Managing security permissions for large teams in Opsview
Hindsight is a wonderful thing.In hindsight, Opsview would have always had access controls for objects at the role level - since roles also define which parts of the Opsview application you can get to, it would make sense to...
Opsview Development Team
Hindsight is a wonderful thing.
In hindsight, Opsview would have always had access controls for objects at the role level - since roles also define which parts of the Opsview application you can get to, it would make sense to also put all the host and service objects into this definition.
(In our defence, we wanted to make it as obvious as possible for a contact when you were changing access information.)
The downside of our design decision many years ago is that Opsview administrators who have lots of their users - or contacts in Opsview terms - with the same sort of access and were having to change each user individually. This was painful and error prone if you had 40 “similar” users.
So Opsview Enterprise 3.12.0 now has access information in the role definition. You change access at the role level and it automatically affects all users of that role. Even better, we ensure that a user’s notification profile only has references to the objects they are allowed - change the role definitions and object references will be automatically removed from all aspects of that contact.
Now you can administer users in a much simpler way.
But the next best thing to hindsight - migratability.
The Opsview configuration database is normalised and models the data as it is. Some application designers like to use key-value pairs to describe their data, which is nice from an expandable point of view, but rubbish when it comes to actually accessing that data in a meaningful way. When it comes to modelling our data, we model it - we don’t “meta-model” it.
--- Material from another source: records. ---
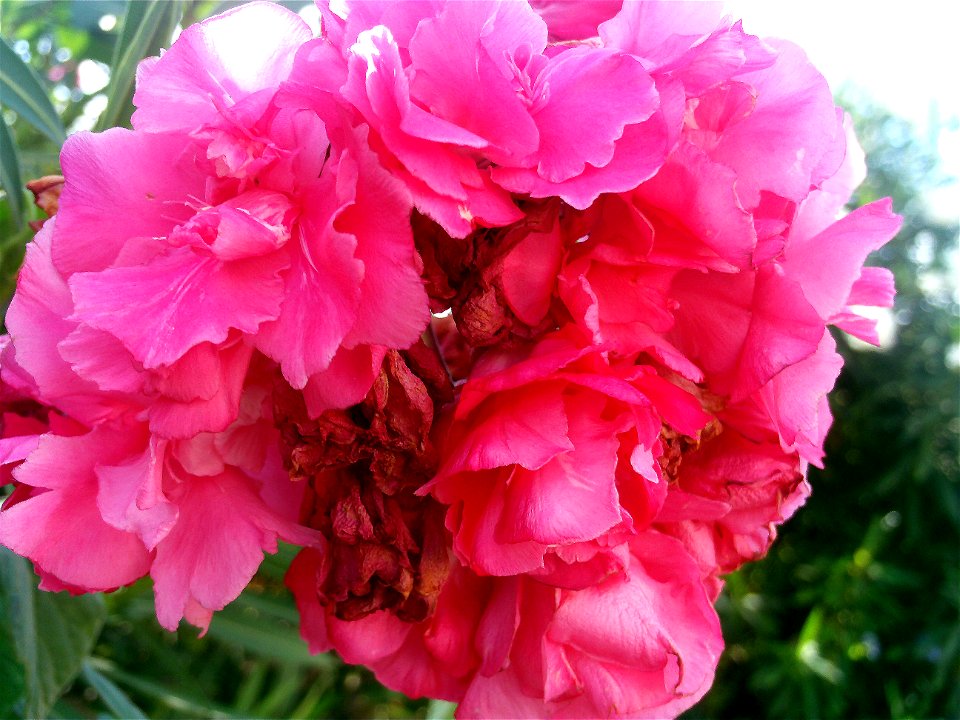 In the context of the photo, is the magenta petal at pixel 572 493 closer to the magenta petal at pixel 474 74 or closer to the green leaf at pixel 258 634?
the magenta petal at pixel 474 74

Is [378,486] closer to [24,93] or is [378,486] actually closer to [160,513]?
[160,513]

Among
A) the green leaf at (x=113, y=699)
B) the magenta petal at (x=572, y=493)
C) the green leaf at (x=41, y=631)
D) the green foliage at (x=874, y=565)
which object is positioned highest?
the magenta petal at (x=572, y=493)

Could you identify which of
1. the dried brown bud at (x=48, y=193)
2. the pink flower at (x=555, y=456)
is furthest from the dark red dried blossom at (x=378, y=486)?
the dried brown bud at (x=48, y=193)

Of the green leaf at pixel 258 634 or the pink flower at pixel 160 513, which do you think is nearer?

We care a lot about people’s data because we build up a trust with our users that they can upgrade and bring their platform right up to date with the latest versions of Opsview. So we spend a lot of time getting the upgrade scripts just right.
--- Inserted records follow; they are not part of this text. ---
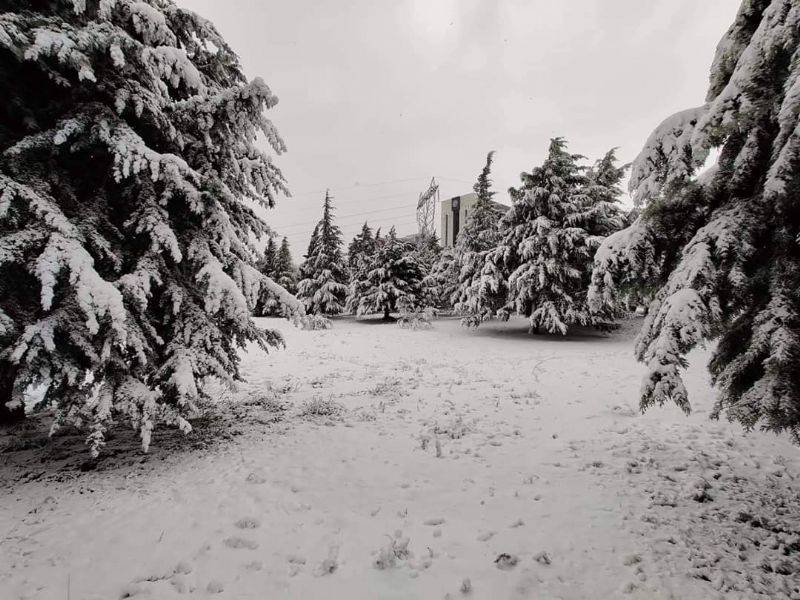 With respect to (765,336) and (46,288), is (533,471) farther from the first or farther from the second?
(46,288)

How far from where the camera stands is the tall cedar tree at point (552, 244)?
16844mm

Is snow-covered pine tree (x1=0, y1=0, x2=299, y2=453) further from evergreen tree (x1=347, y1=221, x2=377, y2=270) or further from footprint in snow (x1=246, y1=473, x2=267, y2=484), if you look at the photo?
evergreen tree (x1=347, y1=221, x2=377, y2=270)

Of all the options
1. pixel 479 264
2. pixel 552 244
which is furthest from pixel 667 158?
pixel 479 264

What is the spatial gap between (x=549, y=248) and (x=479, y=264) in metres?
4.28

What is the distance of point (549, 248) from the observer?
55.9 ft

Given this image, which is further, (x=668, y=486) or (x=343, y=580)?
(x=668, y=486)

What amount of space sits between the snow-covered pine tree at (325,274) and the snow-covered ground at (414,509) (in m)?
24.4

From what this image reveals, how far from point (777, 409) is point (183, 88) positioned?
8.59m

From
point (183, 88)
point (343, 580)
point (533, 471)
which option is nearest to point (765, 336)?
point (533, 471)

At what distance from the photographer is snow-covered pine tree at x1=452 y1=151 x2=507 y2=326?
1883 centimetres

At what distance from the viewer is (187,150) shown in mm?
6098

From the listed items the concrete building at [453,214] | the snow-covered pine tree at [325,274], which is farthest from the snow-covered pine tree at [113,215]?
the concrete building at [453,214]

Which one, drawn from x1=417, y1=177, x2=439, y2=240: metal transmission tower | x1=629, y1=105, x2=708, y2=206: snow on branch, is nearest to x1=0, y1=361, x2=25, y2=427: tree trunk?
x1=629, y1=105, x2=708, y2=206: snow on branch

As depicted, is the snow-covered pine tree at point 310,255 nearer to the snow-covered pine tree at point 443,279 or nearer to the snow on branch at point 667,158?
the snow-covered pine tree at point 443,279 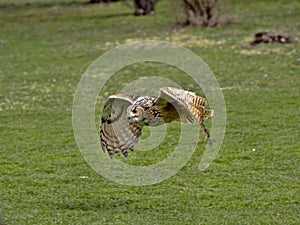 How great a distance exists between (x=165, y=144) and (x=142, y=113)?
360 cm

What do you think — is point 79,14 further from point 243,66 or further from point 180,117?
point 180,117

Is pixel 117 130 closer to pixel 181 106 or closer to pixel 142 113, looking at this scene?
pixel 142 113

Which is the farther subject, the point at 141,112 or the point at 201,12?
the point at 201,12

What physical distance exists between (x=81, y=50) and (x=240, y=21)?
464 centimetres

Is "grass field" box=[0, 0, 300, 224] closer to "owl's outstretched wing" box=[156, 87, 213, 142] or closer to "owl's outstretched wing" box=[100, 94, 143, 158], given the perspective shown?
"owl's outstretched wing" box=[100, 94, 143, 158]

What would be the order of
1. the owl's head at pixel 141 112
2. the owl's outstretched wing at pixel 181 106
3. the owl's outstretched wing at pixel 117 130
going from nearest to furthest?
the owl's outstretched wing at pixel 181 106 → the owl's head at pixel 141 112 → the owl's outstretched wing at pixel 117 130

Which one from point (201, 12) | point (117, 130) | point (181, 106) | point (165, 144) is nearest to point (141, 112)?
point (181, 106)

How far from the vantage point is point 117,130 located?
6.91m

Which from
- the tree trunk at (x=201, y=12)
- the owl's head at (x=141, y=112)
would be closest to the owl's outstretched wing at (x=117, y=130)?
the owl's head at (x=141, y=112)

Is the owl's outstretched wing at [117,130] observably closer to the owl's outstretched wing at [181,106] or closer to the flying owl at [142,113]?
the flying owl at [142,113]

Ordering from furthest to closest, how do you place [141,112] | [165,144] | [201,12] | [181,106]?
1. [201,12]
2. [165,144]
3. [141,112]
4. [181,106]

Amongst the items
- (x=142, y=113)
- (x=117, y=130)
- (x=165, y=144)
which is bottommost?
(x=165, y=144)

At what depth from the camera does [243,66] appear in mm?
14859

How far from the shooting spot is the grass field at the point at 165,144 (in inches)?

If you are upgrading to Opsview 3.12, here’s what the upgrade scripts do:
for each contact, it will see if this contact’s role has access information applied
if it hasn’t, it will use this contact’s access information to populate the role
if the role already has access information (from another contact), then it will compare all the current roles with their access information and if there is a match, this role is used
if it isn’t exactly the same, then a new role is created called “old role name - contact”
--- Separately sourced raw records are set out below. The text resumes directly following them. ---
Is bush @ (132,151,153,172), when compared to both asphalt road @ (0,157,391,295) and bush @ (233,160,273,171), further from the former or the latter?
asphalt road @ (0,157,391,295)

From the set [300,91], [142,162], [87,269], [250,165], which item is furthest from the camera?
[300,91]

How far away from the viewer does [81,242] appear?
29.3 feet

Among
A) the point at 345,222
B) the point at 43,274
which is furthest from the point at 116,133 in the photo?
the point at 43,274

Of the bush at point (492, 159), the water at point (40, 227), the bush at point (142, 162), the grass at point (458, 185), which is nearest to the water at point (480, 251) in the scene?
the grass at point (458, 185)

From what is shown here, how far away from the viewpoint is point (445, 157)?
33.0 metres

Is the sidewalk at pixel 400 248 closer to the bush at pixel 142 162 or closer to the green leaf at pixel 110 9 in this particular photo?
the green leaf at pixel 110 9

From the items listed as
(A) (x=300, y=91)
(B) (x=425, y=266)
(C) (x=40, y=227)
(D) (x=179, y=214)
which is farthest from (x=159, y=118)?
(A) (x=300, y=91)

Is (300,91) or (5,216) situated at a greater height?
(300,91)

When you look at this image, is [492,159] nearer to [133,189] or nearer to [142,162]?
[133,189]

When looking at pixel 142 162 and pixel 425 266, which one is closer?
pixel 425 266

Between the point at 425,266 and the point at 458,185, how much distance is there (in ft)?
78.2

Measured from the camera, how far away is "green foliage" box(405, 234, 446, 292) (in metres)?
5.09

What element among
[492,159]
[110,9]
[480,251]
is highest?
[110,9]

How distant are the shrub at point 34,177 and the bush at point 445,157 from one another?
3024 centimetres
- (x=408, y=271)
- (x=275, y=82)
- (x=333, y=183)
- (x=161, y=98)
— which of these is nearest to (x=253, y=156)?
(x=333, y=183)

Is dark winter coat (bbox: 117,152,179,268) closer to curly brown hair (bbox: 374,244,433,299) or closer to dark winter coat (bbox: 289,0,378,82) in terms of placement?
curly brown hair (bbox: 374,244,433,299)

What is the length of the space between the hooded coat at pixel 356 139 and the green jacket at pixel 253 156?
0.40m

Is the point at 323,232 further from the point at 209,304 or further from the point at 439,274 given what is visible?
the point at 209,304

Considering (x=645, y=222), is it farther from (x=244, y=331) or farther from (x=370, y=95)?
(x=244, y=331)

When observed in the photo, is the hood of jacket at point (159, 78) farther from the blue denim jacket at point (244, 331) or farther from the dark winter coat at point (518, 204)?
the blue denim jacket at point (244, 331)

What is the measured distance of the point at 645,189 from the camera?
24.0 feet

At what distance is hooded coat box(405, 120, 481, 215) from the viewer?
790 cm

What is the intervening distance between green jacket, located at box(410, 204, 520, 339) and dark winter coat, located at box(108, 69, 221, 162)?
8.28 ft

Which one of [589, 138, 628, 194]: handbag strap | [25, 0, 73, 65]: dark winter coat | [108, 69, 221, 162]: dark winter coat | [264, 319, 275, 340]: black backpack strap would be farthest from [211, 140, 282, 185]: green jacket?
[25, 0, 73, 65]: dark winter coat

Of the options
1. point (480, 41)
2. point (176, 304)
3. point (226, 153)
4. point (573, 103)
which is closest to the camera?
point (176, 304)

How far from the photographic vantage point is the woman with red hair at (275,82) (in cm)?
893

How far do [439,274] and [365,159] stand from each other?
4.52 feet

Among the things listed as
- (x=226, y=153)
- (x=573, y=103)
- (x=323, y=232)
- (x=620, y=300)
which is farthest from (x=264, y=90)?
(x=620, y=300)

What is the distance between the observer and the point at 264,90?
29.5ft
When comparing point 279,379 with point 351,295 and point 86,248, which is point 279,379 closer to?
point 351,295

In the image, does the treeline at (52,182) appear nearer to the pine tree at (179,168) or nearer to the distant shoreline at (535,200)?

So for example, let’s say you have 4 contacts - John, Paul, George and Ringo - all using the “Liverpool administrators” role.
The first three have their access information the same, but Ringo has missed out theProduction - Slicehost Servers host group he should have had access to.
After the upgrade, the first three would still have the role of Liverpool administrators, but Ringo would have the role of a newly created Liverpool administrators - ringo. You could easily tell from this that Ringo should belong to the Liverpool administrators, so you can set him to this. Otherwise, maybe he is different after all, so you can rename the role toLiverpool drummers.
This means that most of the configuration for this new functionality is done for you automatically and you can think of your users in their role groups, rather than individually. Another step to making Opsview easier to use.